Imagine for a second that the Google index is a big sheet of glass. Now, imagine GoogleBot is a big, fat, black marker. How do you go removing traces of ink? In other words, how do you get GoogleBot to de-index .Mac pages?

Once upon a time, FJZone.org was a .Mac hosted site. It was as uninteresting as it is today, a lot more purple and, dare say it, it used tables for layout. A good year and a half ago, I moved it from .Mac to my first real host, a company with which I still am in great terms today.

Over the years, the Zone has been moved and removed more than reasonable. Now, I always strive to use proper redirection in my htaccess files so as not to break anything but, as always, a couple links are no longer valid. Whenever such a situation arises, I ask Google to remove the page in question from their index. Not an ideal solution by any means, but it prevents disappointments and helps reduce on the number of incoming visitors requesting that particular link. Of course GoogleBot is supposed to be auto-updating but that never proved true in my experience.

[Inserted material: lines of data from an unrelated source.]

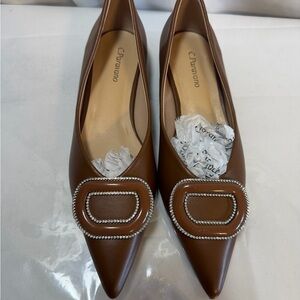 Elegant Brown Flats with Embellished Buckle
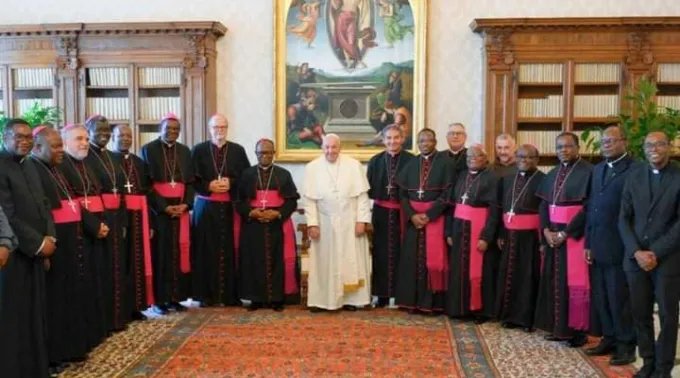 Bispos da Conferência Episcopal de Moçambique junto com o Papa Francisco em visita ad limina em setembro. ?? 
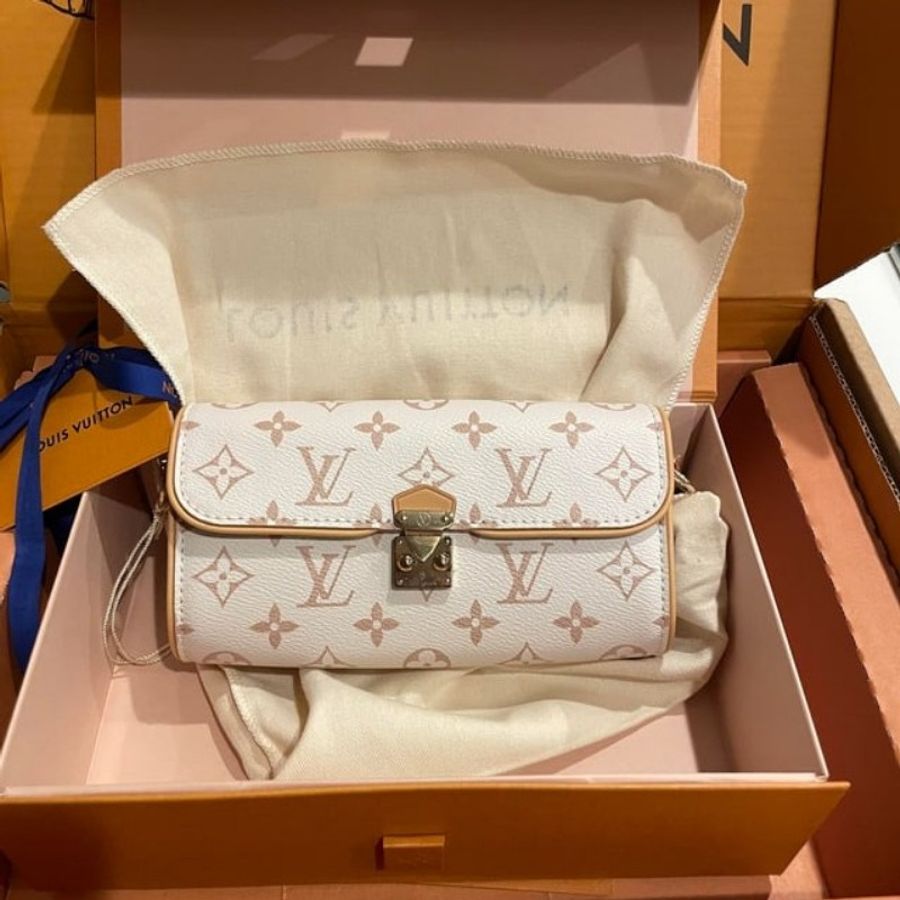 全新 LV Pochette Camille 肩背包 M26583-3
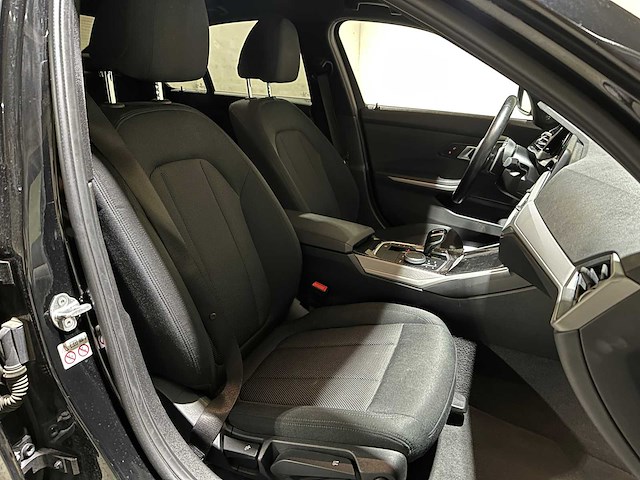 Bmw 330e high executive g20 184pk 2020 3-serie, x-201-fs - afbeelding 37 van  44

For links that used to live at my host’s, the solution is simple: remove the page, add a mod_rewrite declaration in the appropriate htaccess file so that requesting it returns a “Gone” error code and fill in a form on Google’s site.

Pages created on .Mac however are the source of a never-ending headache. Indeed, whenever one requests a page on an account that no longer exists (such as the former .Mac FJZone account), the Apple servers dutifully serve a tri-lingual error page… all the while returning a “200 Found” code. In other words, as far as robots are concerned, .Mac pages live forever.

I’ve spent the past few weeks pondering on the topic and my conclusion so far is that the ball lies in .Mac’s camp. Does anyone know of a better solution?